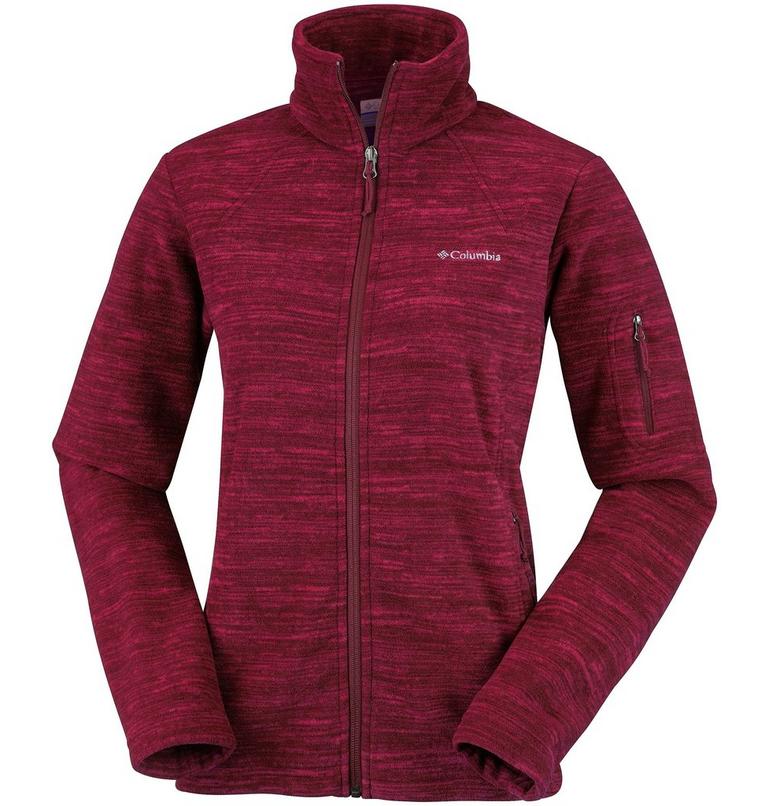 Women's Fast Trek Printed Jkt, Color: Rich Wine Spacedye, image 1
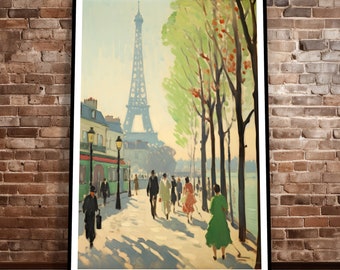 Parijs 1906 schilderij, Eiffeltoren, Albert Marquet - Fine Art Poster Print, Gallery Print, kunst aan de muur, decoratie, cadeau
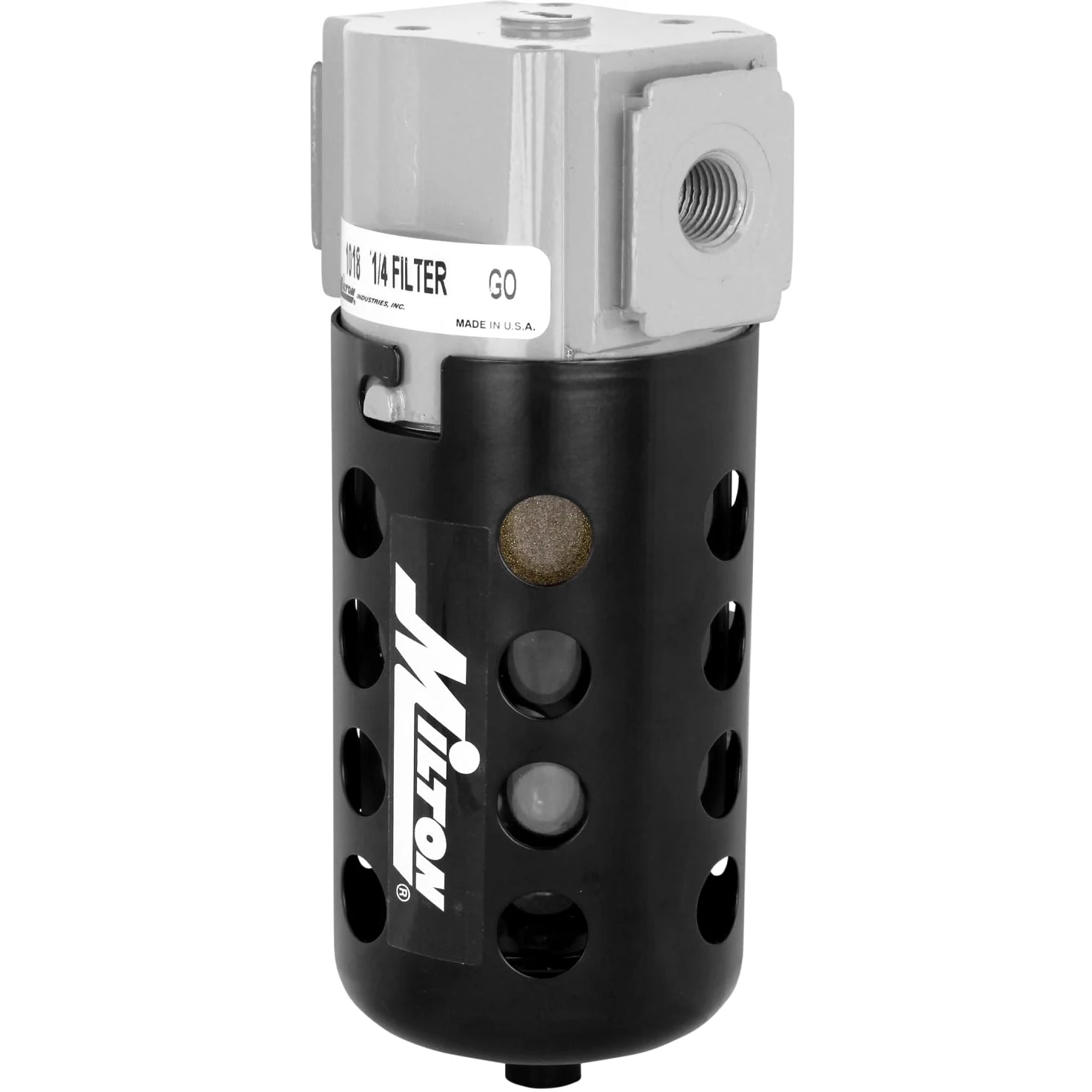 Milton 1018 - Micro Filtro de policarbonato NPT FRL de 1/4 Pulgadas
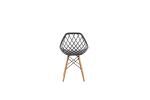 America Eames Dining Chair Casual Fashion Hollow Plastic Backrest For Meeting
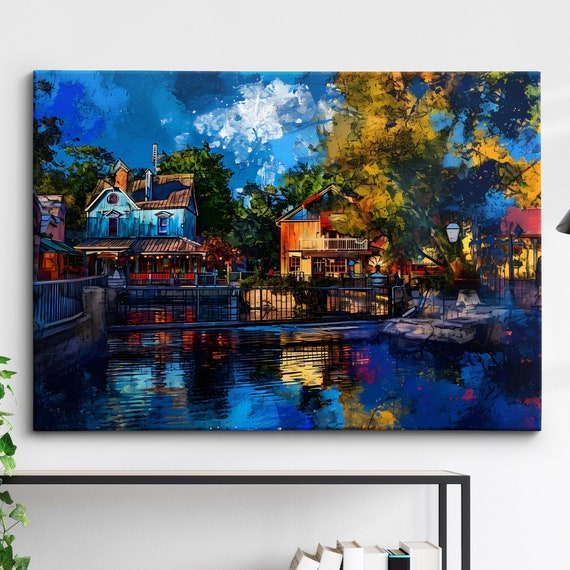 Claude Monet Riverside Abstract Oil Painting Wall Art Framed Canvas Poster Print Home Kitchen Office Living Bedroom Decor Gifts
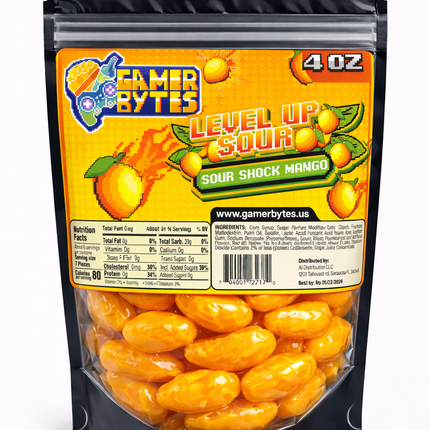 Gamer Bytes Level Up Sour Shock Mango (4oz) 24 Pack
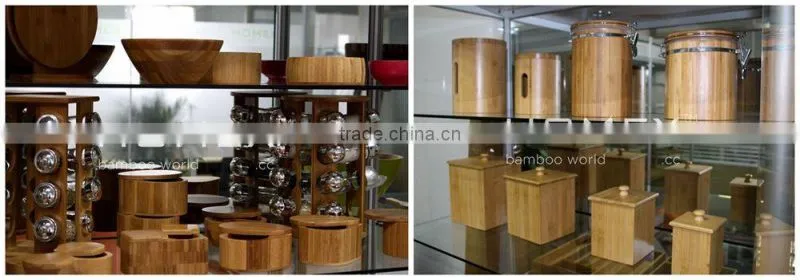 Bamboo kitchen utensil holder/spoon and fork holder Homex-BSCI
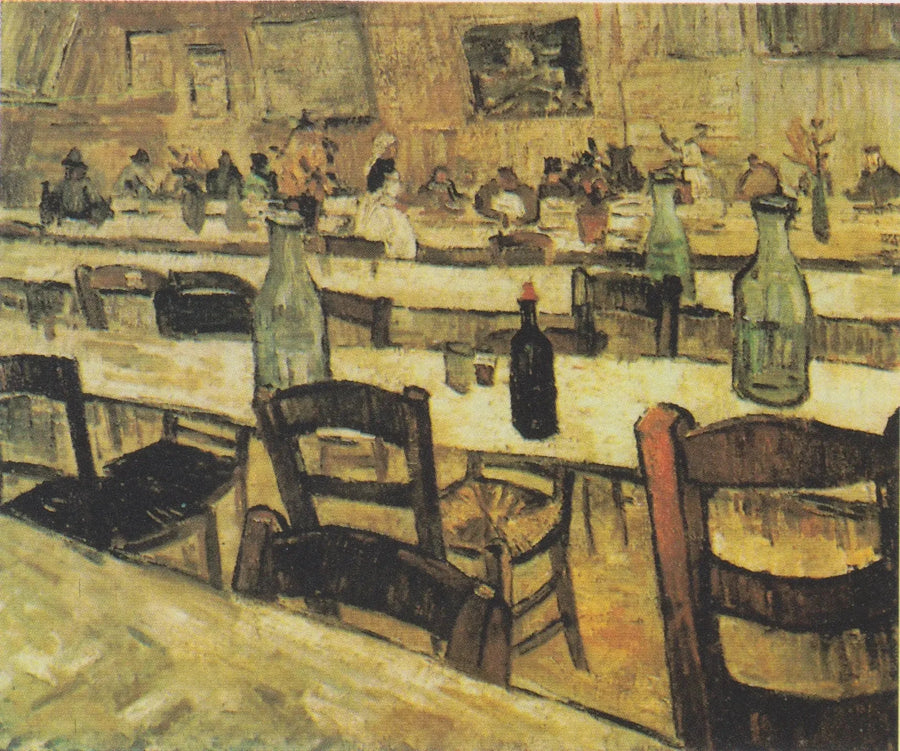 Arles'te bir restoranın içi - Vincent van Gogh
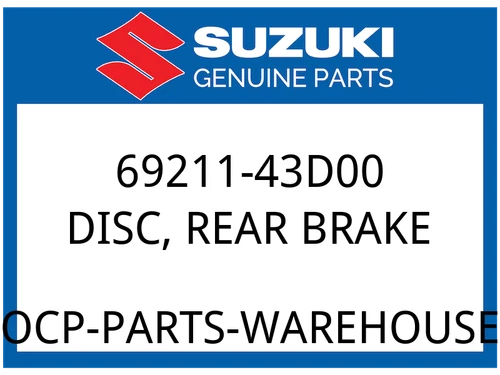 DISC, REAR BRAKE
◆ ◆ ◆ ◆ ◆ ◆ ◆
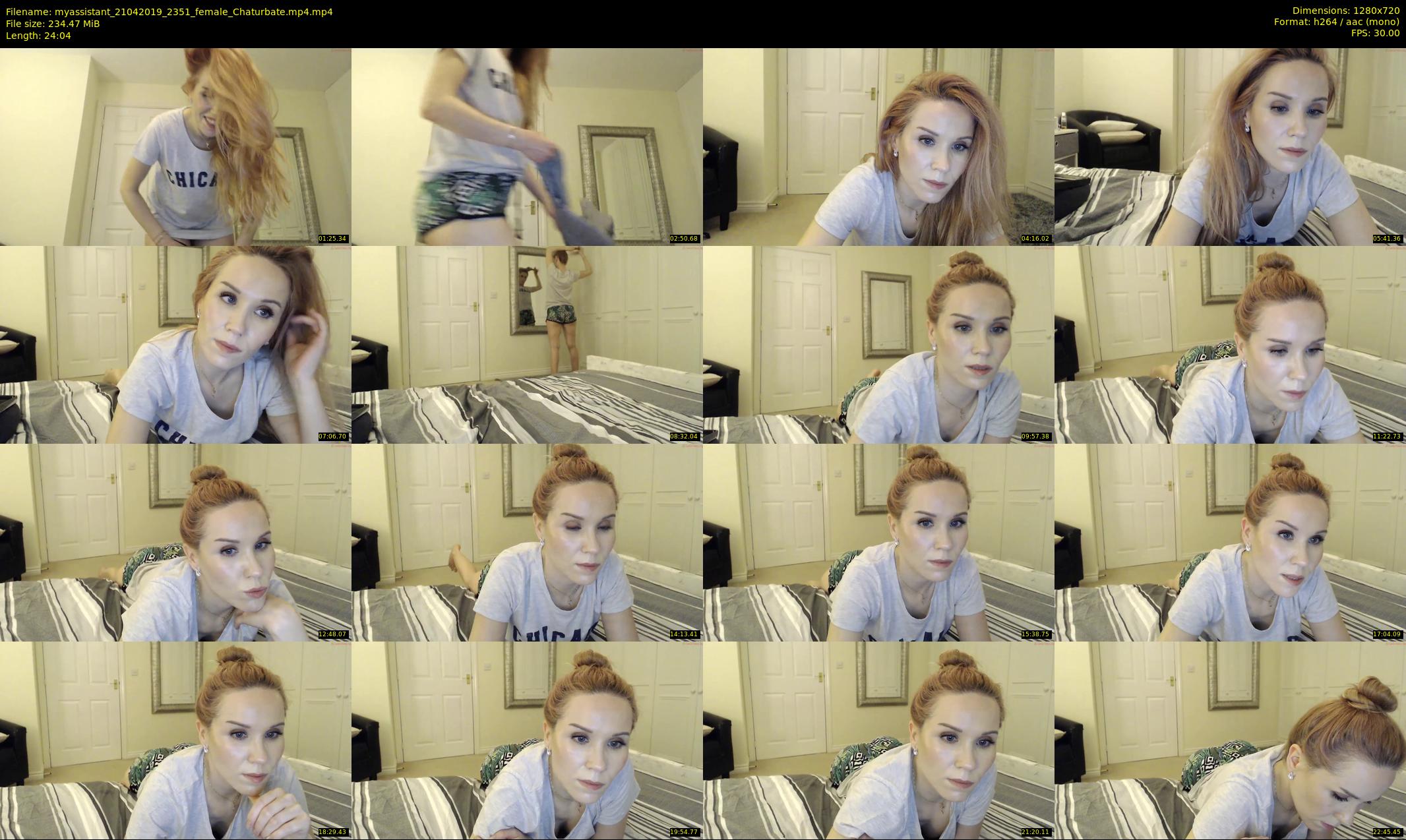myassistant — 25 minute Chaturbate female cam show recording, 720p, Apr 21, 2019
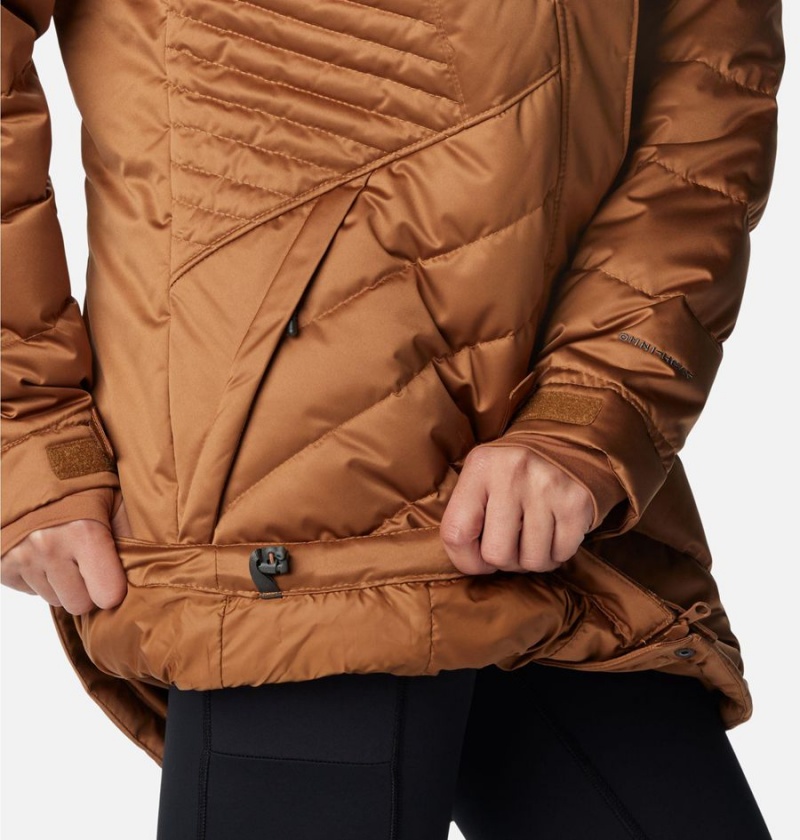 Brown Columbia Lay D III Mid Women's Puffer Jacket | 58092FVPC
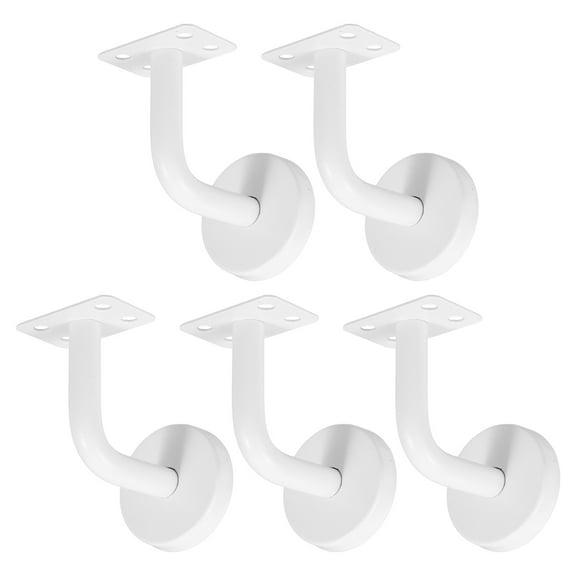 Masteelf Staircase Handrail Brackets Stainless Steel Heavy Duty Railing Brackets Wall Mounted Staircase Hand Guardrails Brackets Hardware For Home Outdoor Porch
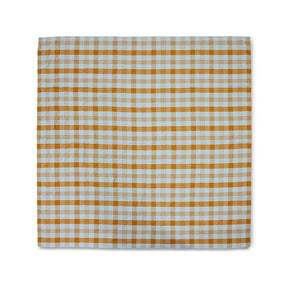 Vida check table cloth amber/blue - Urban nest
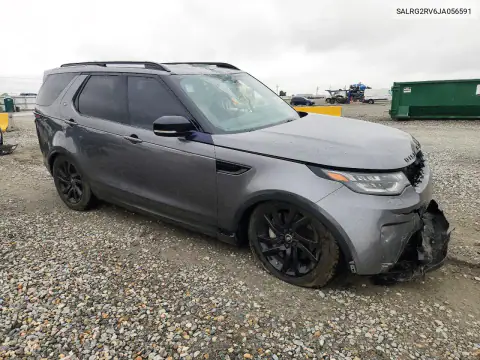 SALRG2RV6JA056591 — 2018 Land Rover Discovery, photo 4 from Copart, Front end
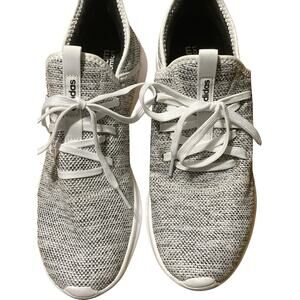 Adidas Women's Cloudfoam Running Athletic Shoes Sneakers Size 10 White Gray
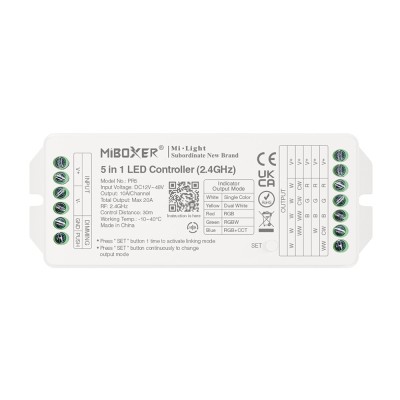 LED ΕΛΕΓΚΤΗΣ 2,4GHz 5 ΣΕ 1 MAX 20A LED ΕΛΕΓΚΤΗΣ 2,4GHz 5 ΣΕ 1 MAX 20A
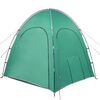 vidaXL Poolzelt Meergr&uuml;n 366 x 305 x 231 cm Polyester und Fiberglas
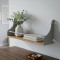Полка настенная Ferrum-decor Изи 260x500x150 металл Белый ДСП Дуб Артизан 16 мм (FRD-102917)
◆ ◆ ◆ ◆ ◆ ◆ ◆
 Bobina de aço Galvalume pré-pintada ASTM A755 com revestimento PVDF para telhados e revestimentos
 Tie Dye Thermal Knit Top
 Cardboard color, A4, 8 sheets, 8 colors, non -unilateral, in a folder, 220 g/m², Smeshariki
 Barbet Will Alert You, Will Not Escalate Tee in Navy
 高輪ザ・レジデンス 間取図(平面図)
◆ ◆ ◆ ◆ ◆ ◆ ◆
### Problem to solve
Print exactly, with no pictures, the lines above from the one that holds "Vida check table" through the one that holds "Adidas Women's Cloudfoam", both of them included.

### Expected answer
 Vida check table cloth amber/blue - Urban nest
 SALRG2RV6JA056591 — 2018 Land Rover Discovery, photo 4 from Copart, Front end
 Adidas Women's Cloudfoam Running Athletic Shoes Sneakers Size 10 White Gray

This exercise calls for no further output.